Lawrence A. Funt, DDS
From Devin J. Starlanyl MD, writer and teacher of myofascial medicine
During the last few years she lectured, Janet Travell pounded on the importance of perpetuating factors. In every volume of the Trigger Point Manuals, the chapter on perpetuating factors is proclaimed as the most important in the book. I have always found that identifying and controlling perpetuating factors is the key to identifying and controlling symptoms in both fibromyalgia and chronic myofascial pain. I can never give a lecture without hearing Janet Travell’s voice in my head insisting, “You are going to get to the perpetuating factors, hummmn?” Our New Hampshire Mensa Regional Gathering at times comes at the same time as the Winter Olympics. I had just come back to our room when my husband told me that my favourite skater was about to perform. The Canadian champion spun and leaped and dashed over the ice. We sat and watched Elvis S. in silence.
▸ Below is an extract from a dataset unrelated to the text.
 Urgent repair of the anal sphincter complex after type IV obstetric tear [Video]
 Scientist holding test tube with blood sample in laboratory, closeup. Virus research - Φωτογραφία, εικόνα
After the performance, my husband asked what I thought. He has short upper arms, I replied. I have been so thoroughly indoctrinated. I told this story to Janet Travell, and she laughed so hard she had tears in her eyes. But she was pleased.
Devin Starlanyl
Starlanyl DJ, Copeland ME. Fibromyalgia and chronic myofascial pain: a survival manual. 2nd ed. Oakland (CA): New Harbinger Publications; 2001.